Instead of using the typical Socratic seminar format, I decided to try the fish bowl technique that was posted several years ago on the Learning and Laptops blog. Basically, there are a group of four or five students sitting at the center of the room facing one another in a circle. Then, the rest of the students sit in a circle surrounding this inner circle. The students in middle have a verbal conversation, and the students on the peripheral have a digital conversation on the computers. The more I read about the Socratic seminar, the more I think that the fish bowl is a totally different experience, but it is still effective. For more on how to set up the fish bowl, click here and head over to Learning and Laptops.

What I want to talk about is my observations on how this worked with my classes. First of all, the students I did this with are Seniors. That may or may not mean that they are prepared for this higher level thinking activity. Though they tend to have a higher level of thinking, I think this could be done with 8th graders just as effectively. In some respects, it might be more effective.

One of the biggest challenges that we had today was hearing the conversation in the middle of the room. I know that there was a pretty good discussion among the students, but often times, I had no idea what they were saying. I think a microphone would help here greatly and add a great dimension to the activity.

The other problem with the inner circle was keeping the discussion going. Some of this might have been due to my questions. I now know that to get them started, I really need a discussion point with depth. Maybe I need to let the students come up with the discussion topics. That might also help.

Where the inner circle struggled with their discussion, the outer circle discussion flourished on the computers. There were some great insights gained in these chat sessions, and most of the students participated in the discussion. I think this is where the real learning took place in the classroom today. It makes me think that maybe next time, we all need to get on the computer for a chat and forget the inner circle thing altogether.

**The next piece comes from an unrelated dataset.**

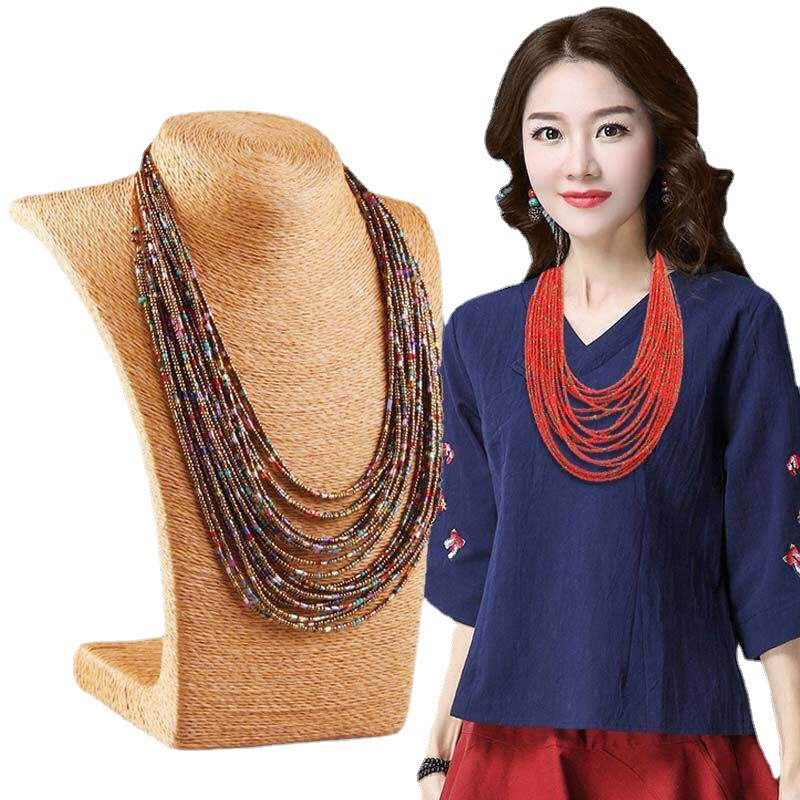 Ethnic Style Hand-woven Beads Stringed Multilayer Necklace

Thinking on this, though, I still think there were some mental gains from the inner circle. The students did talk, out loud, in front of the class. This is a big thing for most of these students. They had a real face to face discussion, something that doesn’t always happen for high school students.

Now I am heading into controversial territory. Is the verbal dialogue better than the digital dialogue? Which one will have the greater impact in the long run?

Regardless the answer, I will be doing the activity again in one form or another. The students seemed to enjoy themselves, and they told me that it helped them to better understand the topic of the discussion.